Şeyh Muhammed bin Raşid gibi bir lider 2013'te yeni hükümetin kurulduğunu ilan etmek için Twitter’ı kullandığında ve daha sonra gazeteler, televizyon istasyonları ve haber ajansları tarafından bu haber paylaşıldığında dünya Twitter'ın önemini ve artan etkisini hissetmeye başladı. İki yıl sonra İran’ın Eski Dışişleri Bakanı Cevad Zarif, ülkesinin nükleer konulu bir anlaşma imzaladığını duyurmak için bu platformu kullanmıştı.
Kuzey Kore lideri Kim Jong-un 2017'nin sonunda, Twitter hesabından yaptığı paylaşımda ülkesinin nükleer bir güce dönüştüğüne ve bu silahı sadece bir düğmeye basarak herhangi bir düşmana karşı kullanabileceğine işaret ederek "Nükleer silah butonu her zaman masamda duruyor" ifadelerini kullanmıştı. Eski ABD Başkanı Donald Trump ise buna Twitter üzerinden yaptığı şu paylaşımla cevap vermişti:
“Kim Jong-un 'nükleer silah butonunun her zaman masasında olduğunu' söylemiş. Ona, tükenmiş ve ağzı açlık kokan rejiminden biri benim de nükleer silah butonumun olduğunu söylesin! Ancak benimki, onunkinden çok daha büyük, güçlü bir buton ve çalışıyor da.”
Trump karışık sebeplerden ötürü hesabı askıya alınmadan önce aynı yıl Twitter üzerinden “Twitter olmasaydı Beyaz Saray’a ulaşamazdım” şeklinde bir paylaşım yapmıştı. Bu, prestijli araştırma merkezleri tarafından yürütülen çalışmalara yansımıştı. Araştırma merkezleri dünya liderlerinin yüzde 90'ından fazlasının görüşler, bilgiler ve hatta egemenlikle ilgili kararları paylaşmak için Twitter'ı kullandığını duyurmuştu.
İki yıl önce internet verilerinde uzmanlaşmış Almanya merkezli ‘Statista’ platformu, 187 ülkenin, devlet ve hükümet başkanları tarafından yönetilen kişisel veya kurumsal hesaplar aracılığıyla Twitter'da resmi olarak var olduğunu tespit etmişti. Örneğin Hollanda hükümetinin bu sitedeki paylaşımlarının yüzde 97'sinin diğer kullanıcılara verilen yanıtlar şeklinde olduğunu ortaya koymuştu.
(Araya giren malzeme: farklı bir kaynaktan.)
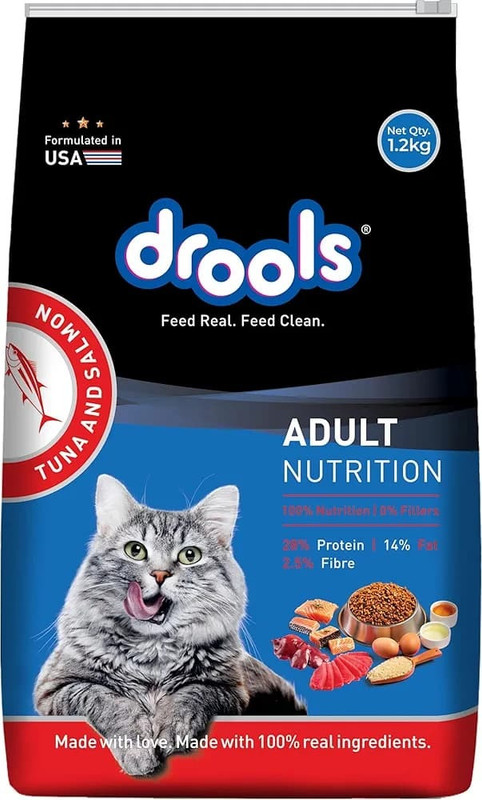 Drools Adult tuna and salmon Tuna, Salmon 1.2 kg Dry Adult, Senior, Young Cat Food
Platformun neredeyse herkesin hemfikir olduğu bu artan önemine ve statüsüne rağmen, birçok kişi bu etkili ve tehlikeli platformun mülkiyetinin tek bir elde toplanmasının tehlikesini fark edemedi.
Tabii Twitter’ın da kusurları yok değil. İçerik kontrolünde çifte standart uyguladığı veya bazı yatırımcılarının önyargılarına boyun eğdiği hususunda çoğu haklı ve objektif sayısız eleştiriye ve suçlamaya maruz kaldı. Bununla birlikte, önceki mülkiyet şekli daha az konsantre ve yenilik meseleleriyle ilgilenmeye daha müsaitti.
Sosyal medya araçlarını yöneten dev teknoloji şirketleri tekelcilik için tehlikeli bir örnek teşkil ediyor. Dünyanın bunların yayılmasına, genişlemesine ve mülkiyetlerinin birkaç yatırımcının elinde toplanması karşısında susması büyük bir risk taşıyor. Elon Musk'ın Twitter'ı satın almasıyla ilgili yeni bir endişe sebebi var.
Bazıları Musk'ın, bu platform aracılığıyla düşünce ve ifade özgürlüğünü geliştirme arzusunu duyurması veya Trump'ın hesabını tekrar aktifleştirme olasılığı açısından Twitter'ı satın almasını kutluyor. Ancak bu kişiler daha sonra, tartışmalara yol açan bu milyarderin kâr sağlamak ve çıkarlarını güçlendirmek için uygulayacağı tüm politikalarla bu özgürlüğü tanımlarken tek başına hareket edeceği zaman pişman olabilirler.